3. Range-Based Harness Construction¶

3.1 Historical note¶

Harness construction evolved multiple times. Earlier generations relied on string/line parsing of Lean declarations. The current implementation replaced that approach with range-driven source splicing using Lean-provided declaration value ranges.

3.2 Current implementation¶

Implemented in core/harness_construction.py as RangeBasedHarnessConstructor.
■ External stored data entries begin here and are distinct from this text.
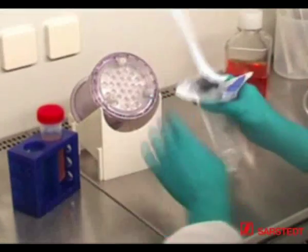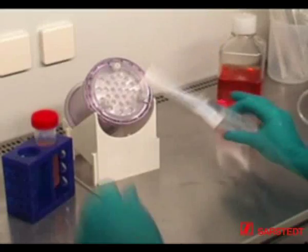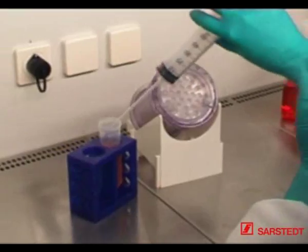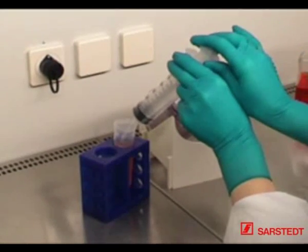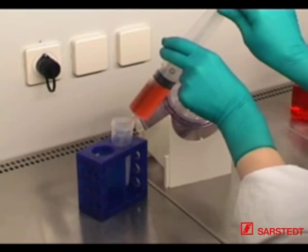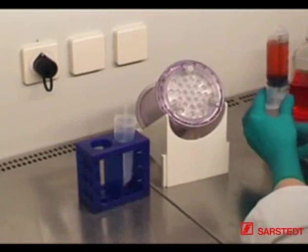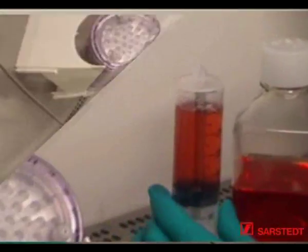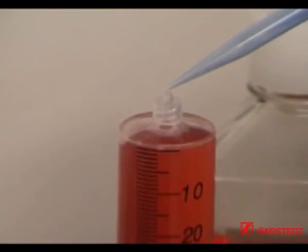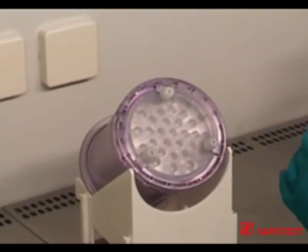Attach the 50 ml syringe to the filling tube. Slowly aspirate the prepared cell suspension into the syringe. Make sure to remove air bubbles from the syringe using a sterile swab or, as shown here, a sterile vacuum unit before filling the cell suspension into the production module.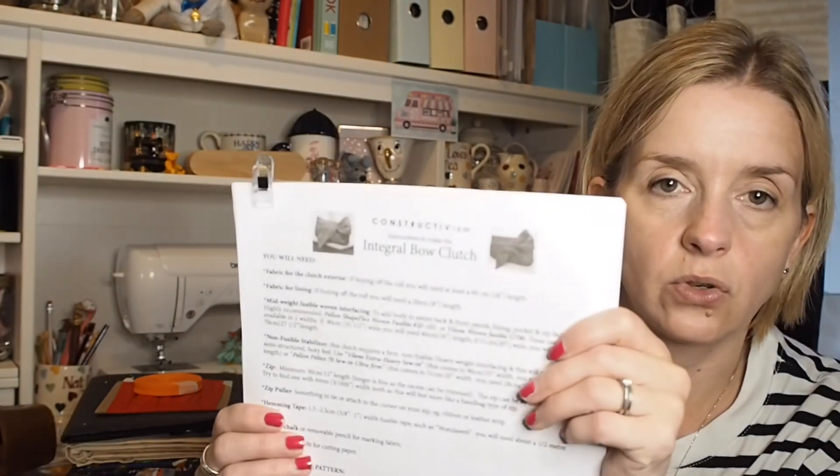The pattern I bought — I'll put a picture in too because it won't do it justice here. You're probably sick of hearing me say I'm going to a wedding at the beginning of September and I'm making a dress, so I wanted to make a bag as well. I've made the Ida Clutch before — actually it's by Carly in the Machine, not True Bias. I bought this pattern off Etsy; it's by Constructivism and it's called the Integral Bow Clutch. I'm about halfway through.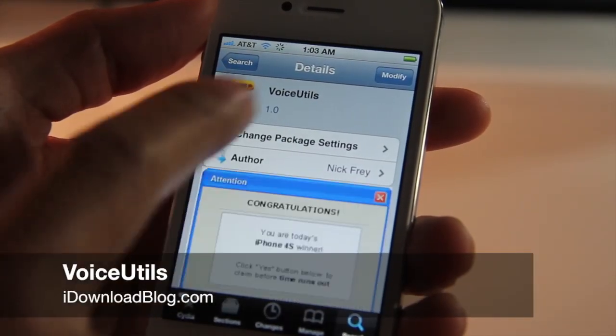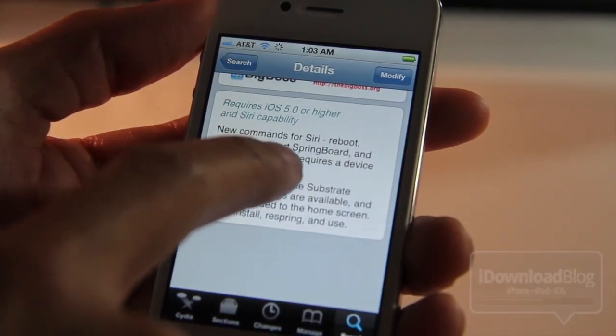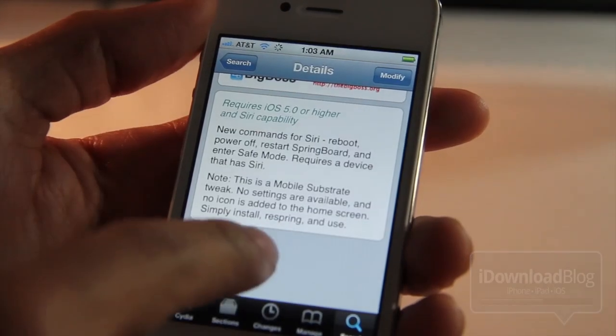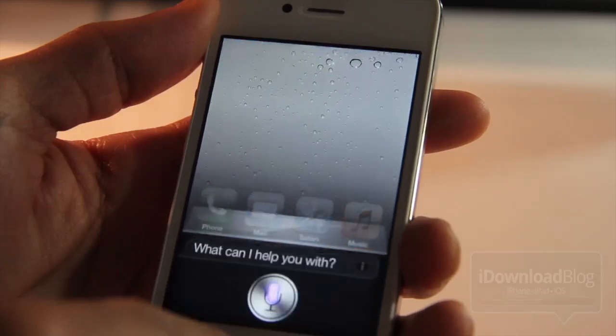Folks, it's already started. Voice Utils is the first jailbreak tweak that we've seen that really takes advantage of Siri. In the jailbreak environment, it allows you to execute some custom Siri commands like restart springboard, reboot, etc. Let me just show you what I mean.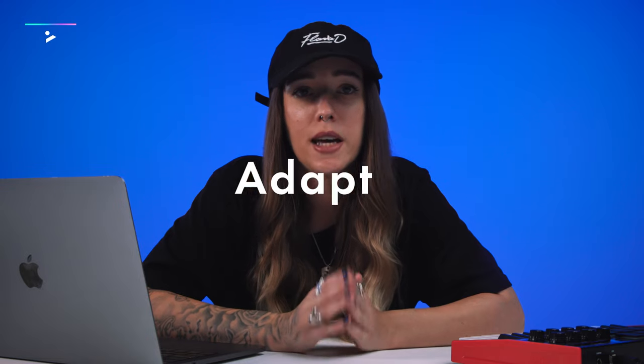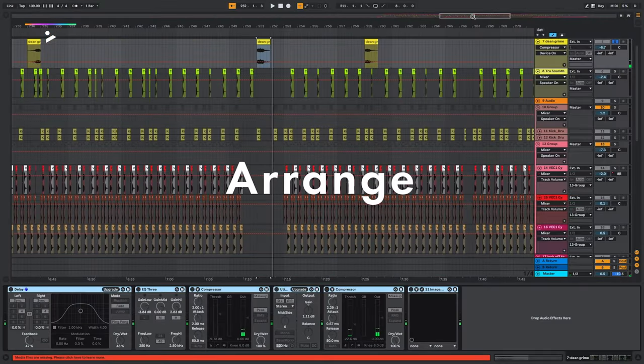I'm going to show you how I adapt my basses across these styles and how I build and arrange my projects. That's pretty much the foundation of how 5D makes 5D.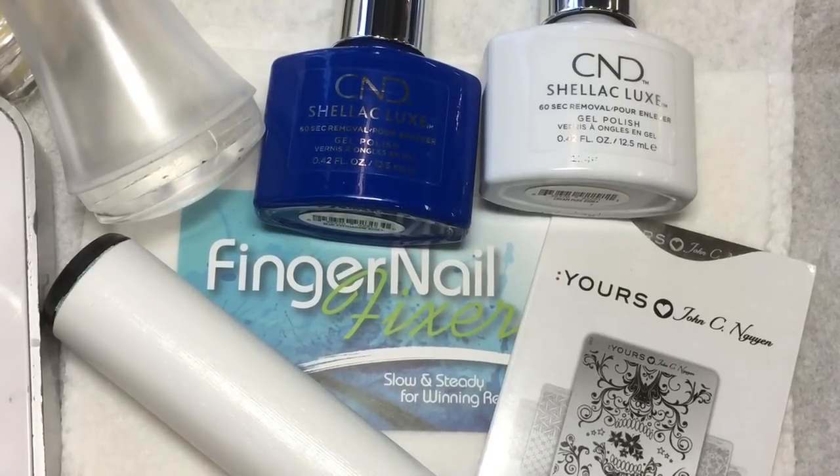Hello, welcome to another Fingernail Fixer video. In this tutorial, let's take a look at how to do an easy salon-friendly Dutch pottery design.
It is pure core logic: callers must provide source text and declarations.

3.3 Splicing algorithm¶

Resolve target theorem deterministically:
exact full_name
exact name
local-name fallback with explicit ambiguity checks
Classify target value-range shape (assign, by, where, term_body, tactic_body, equation_clauses, unsafe forms).
Classify proof attempt as tactic-mode or term-mode.
Build splice plan:
target declaration gets attempted proof replacement
non-target theorem/lemma declarations are replaced with sorry-safe forms
Enforce exactly one target splice.
Apply splices bottom-up (reverse order) so offsets remain valid.
Optionally inject extra imports (for example import Aesop).

3.4 Safety and replacement behavior¶

Target declaration kinds allowed: theorem, lemma, instance.
Non-target sorry replacements are restricted to safe kinds (theorem, lemma).
Unsafe/empty range shapes fail fast for target declarations.
Equation-clause non-target bodies are skipped instead of unsafe rewrites.

3.5 Failure modes¶

HarnessError.error_type values:

theorem_not_found
ambiguous_theorem_id
unsafe_target_range
target_splice_cardinality
invalid_proof_attempt
construction_failed

3.6 Harness execution flow¶

flowchart LR
    A["Tool entry (probe/search/try)"] --> B["Querier.extract_declarations + read_source_file"]
    B --> C["RangeBasedHarnessConstructor.construct"]
    C --> D["build_splice_plan"]
    D --> E["apply_splices (bottom-up)"]
    E --> F["Harness code"]
    F --> G["LeanInteractProofValidator.validate_harness_code / validate_proof"]
    G --> H["ValidationResult"]
    H --> I["Tool-level status normalization"]

Probe-specific note: probe can inject trace_config options into generated harness code before Lean execution (set_option ...), so harness execution can include targeted Lean tracing when requested.

3.7 Why this replaced previous approaches¶

Lean already exposes exact declaration/value ranges.
Splicing by Lean ranges avoids reimplementing Lean syntax parsing.
Error classification is clearer: construction failures are separated from Lean proof diagnostics.
The approach is deterministic and easier to test with property/unit tests.

4. `get_proof_context` Architecture¶

4.1 Execution path¶

tools/get_proof_context.py validates args and builds composition root.
ContextExtractor.extract_context(...) orchestrates context assembly.
LeanInteractQuerier.get_theorem_context(...) loads declarations and returns theorem statement/proof/scope.
Optional LeanInteractProofStateInspector call enriches hypotheses.
Optional similar-proof search scans declarations and computes similarity.
Response is normalized into status=success|fail|error.

4.2 Performance profile¶

Dominant latency is usually Lean declaration extraction (FileCommand(..., declarations=True)) on large Lean files. The querier keeps an in-memory declarations cache per file path; repeated calls in the same process may avoid re-running the expensive extraction.

4.3 Diagram¶

flowchart LR
    A["get_proof_context tool"] --> B["ContextExtractor.extract_context"]
    B --> C["Querier.get_theorem_context"]
    C --> D["extract_declarations (FileCommand declarations=True)"]
    D --> E["Lean REPL elaboration"]
    E --> F["TheoremContext"]
    F --> G["Optional proof-state enrichment"]
    G --> H["Optional similar-proof scan"]
    H --> I["Response normalization (success/fail/error)"]

5. Shared runtime decisions reflected in code¶

Lean server reuse is keyed by project root via lean/server_manager.get_shared_server_manager.
Workspace auto-detection currently selects none mode in adapter logic.
Tool API version is uniform across registered tools (1.1.0).